### Required action
Word for word, repeat the data; no picture should appear in the result.

### Dataset extract
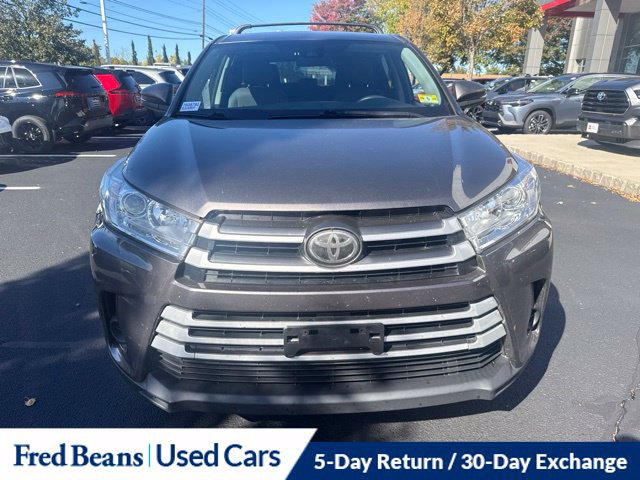 Used 2017 Toyota Highlander LE AWD/4WD image 25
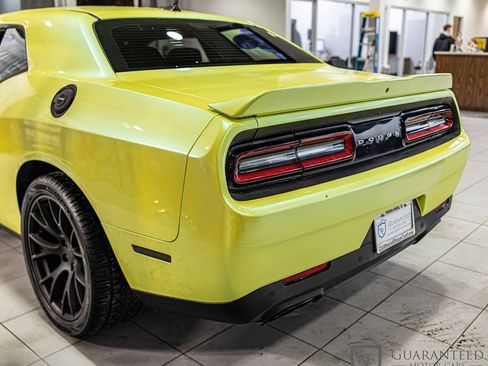 Used 2015 Dodge Challenger SRT image 15
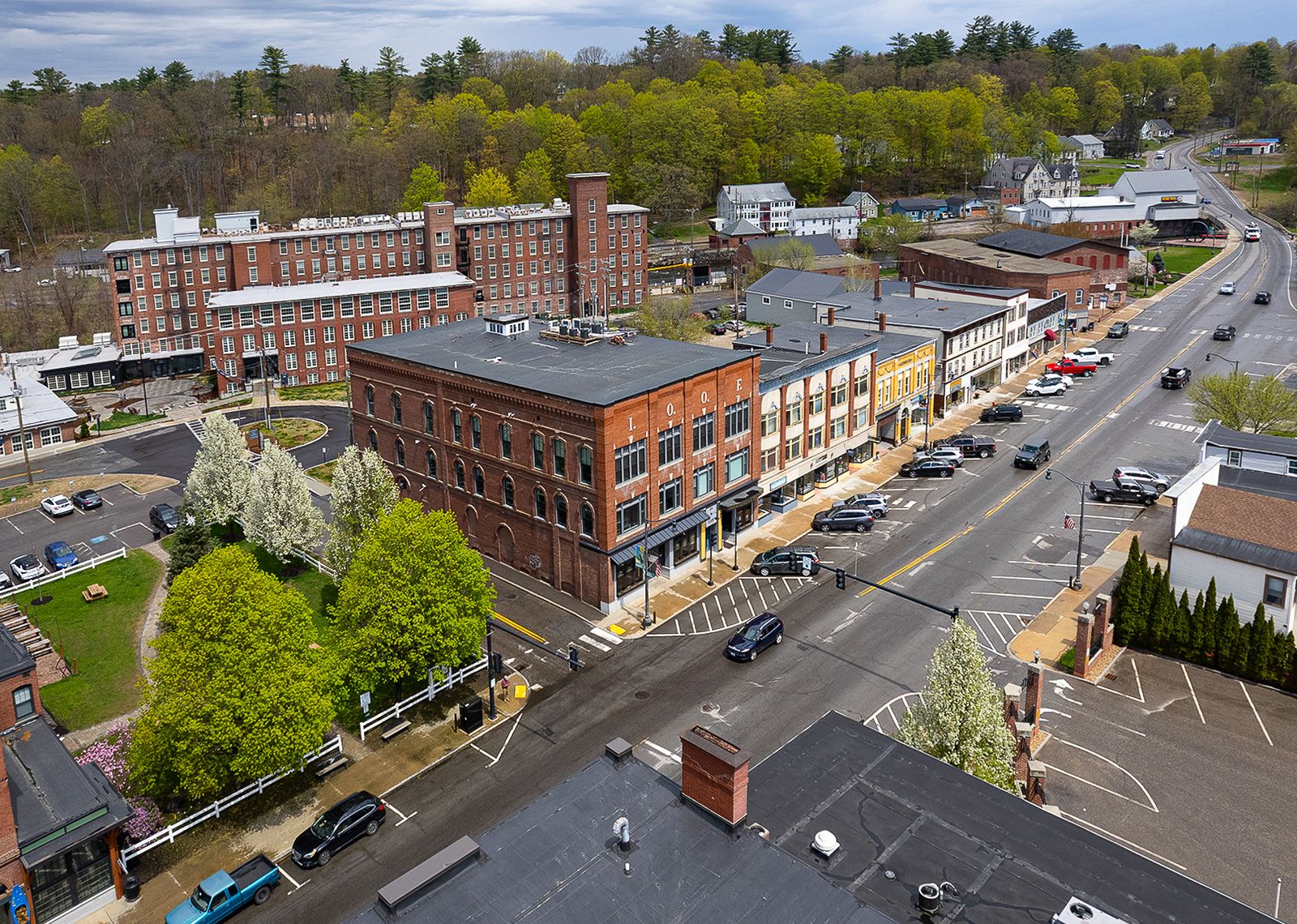 Photo 6 of 410 Central Street, Franklin, NH 03235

### Answer space
 Used 2017 Toyota Highlander LE AWD/4WD image 25
 Used 2015 Dodge Challenger SRT image 15
 Photo 6 of 410 Central Street, Franklin, NH 03235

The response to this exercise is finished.